The UK’s National Crime Agency (NCA) has been running several fake DDoS-for-hire websites in an effort to infiltrate the cybercrime marketplace and collect information on individuals engaging in these types of activities.
The law enforcement agency has set up an unspecified number of websites that claim to allow users to launch distributed denial-of-service (DDoS) attacks against a specified target.
These types of services, also known as ‘booter’ or ‘stresser’ services, have posed a significant problem to many organizations around the world, as they allow individuals with limited skills and financial resources to launch highly disruptive attacks.
The fake DDoS-for-hire websites run by the NCA were set up as part of an international law enforcement operation named ‘Power Off’. Last year, the same operation resulted in the seizure of 46 internet domains associated with booter services.

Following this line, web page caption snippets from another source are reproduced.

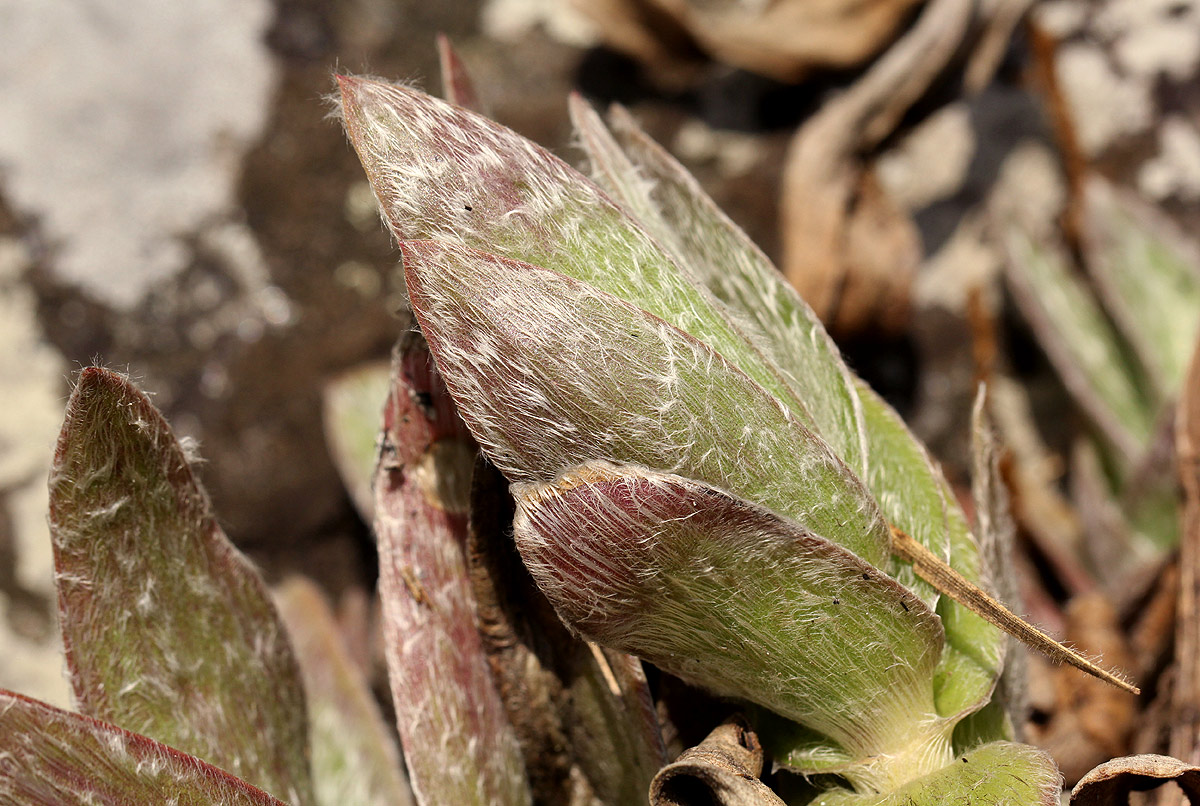 Cyanotis foecunda Cyanotis foecunda
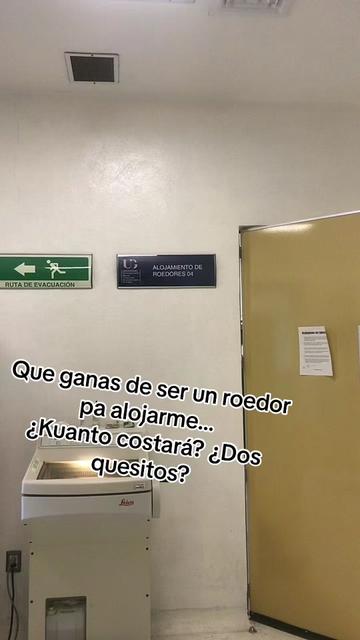 @Alex AlcántaraKuir Biotech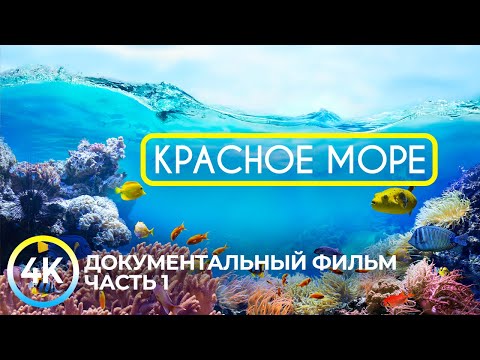 Видео: Красное море - самое тёплое и чистое на планете | Документальный фильм о подводных глубинах - #1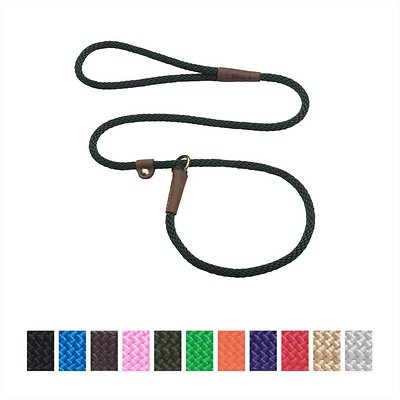 Mendota Pet Small Slip Solid Dog Leash, Hunter Green, 3/8-in x 4-ft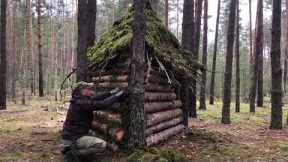 Building a 2-storey Log cabin / Tree house. Survival, bushcraft in the wilderness. Unexpected find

The NCA recently decided to replace the homepage of one of its fake websites with a page informing visitors that their information has been collected and that they should expect to be contacted by law enforcement.
“All of the NCA-run sites, which have so far been accessed by around several thousand people, have been created to look like they offer the tools and services that enable cyber criminals to execute these attacks,” the agency said. “However, after users register, rather than being given access to cyber crime tools, their data is collated by investigators.”
The identified users of the fake DDoS-for-hire websites who are located in the UK will be contacted by the NCA or police and warned about the consequences of their actions. Information about users in other countries will be passed on to their respective law enforcement agencies.
Given that minimal technical skills are required to launch DDoS attacks through booter services, it’s likely that many of the users of these websites don’t have the knowledge to hide their true identity from a well-resourced law enforcement agency.